The following codes apply concurrent programming to speed up the progress. 50 workers are running at the same time. Each of the workers will individually make a request. Time was reduced from ~ 4 hours to ~40 minutes for  17272 pages

In [7]:
# Make the first request to get the total amount of pages to get
headers = { 'User-Agent': 'App Name: Education purpose',}
json_data = json.loads(requests.get(r"https://api.rawg.io/api/games", headers=headers).text)
no_of_pages = math.ceil(json_data["count"]/20)

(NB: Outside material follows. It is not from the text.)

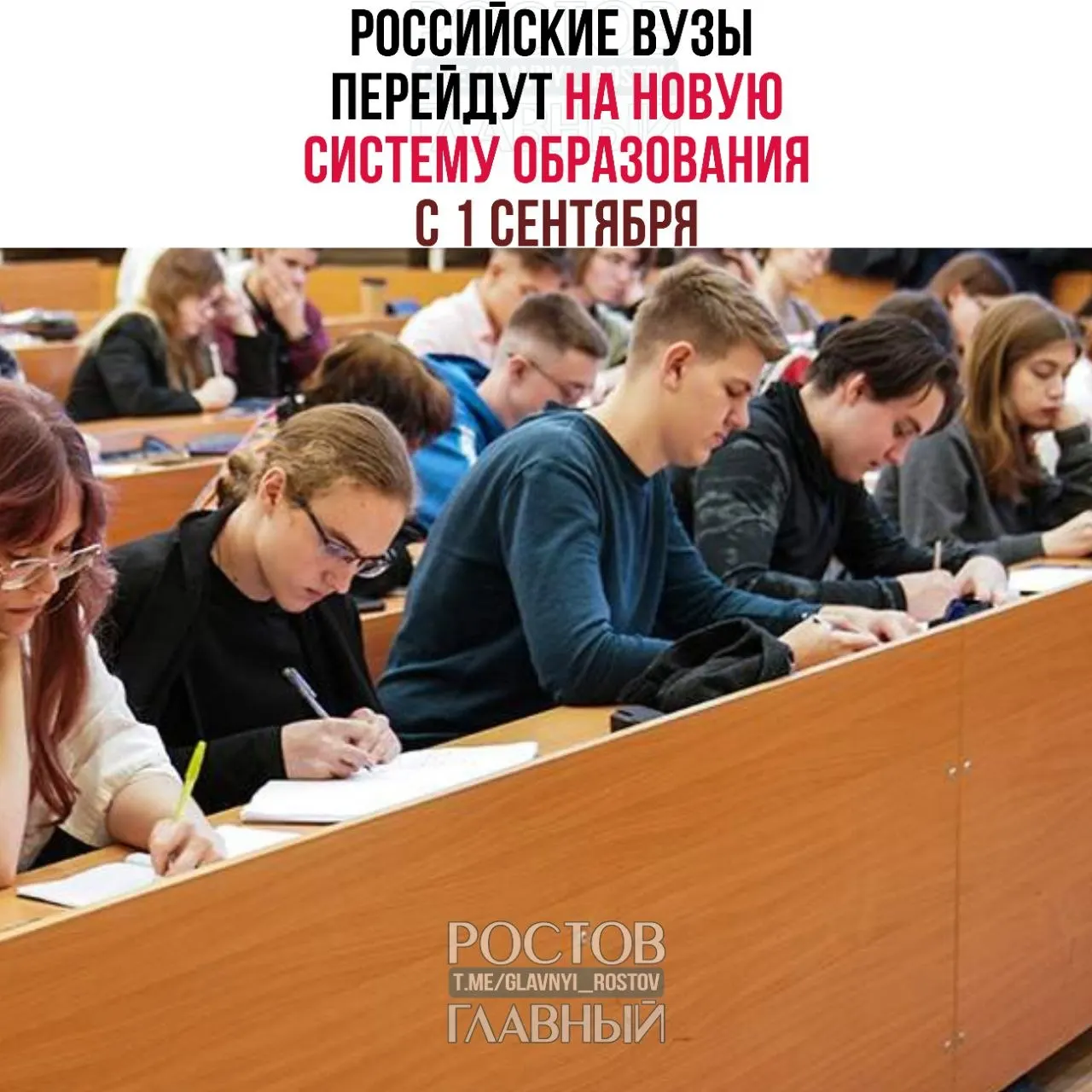 С 1 сентября 2026 года вводятся три уровня образования: базовый (бывший бакалавриат и специалитет), специализированный (1–3 года) и профессиональное (эквивалент аспирантуры). Действующие студенты смогут завершить начатые программы.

# Set up number of workers
max_workers = 32
pages_per_worker = int(no_of_pages/max_workers)
start_index = range(0, no_of_pages, pages_per_worker)

# Make urls
url = "https://api.rawg.io/api/games?page=1"
urls = [url[:-1] + str(i) for i in range(1, no_of_pages + 1)]

In [8]:
# Skipped downloaded files
downloaded_files = {file.split(".",1)[0] for file in os.listdir("../data/game_id/")}

# Time
t0=time()
with concurrent.futures.ThreadPoolExecutor(max_workers=max_workers) as executor:
    temp = functools.partial(worker,
                             pages_per_worker=pages_per_worker,
                             urls=urls,
                             downloaded_files=downloaded_files,
                             headers=headers,
                            )
    executor.map(temp, start_index)
print(f"Time taken: {time()-t0}")

Time taken: 0.9984233379364014


Load each JSON file in `/data/game_id/` and write to a CSV file which is saved at `/data/game_id.csv`

In [9]:
with open("../data/game_id.csv", "w") as f:
    csv_file = csv.writer(f, lineterminator="\n")
    for file in os.listdir("../data/game_id/"):
        try:
            json_data = json.load(open(f"../data/game_id/{file}", "r"))
        except:
            print(file)
        for game_id, game_name in json_data.items():
            csv_file.writerow([game_id, game_name])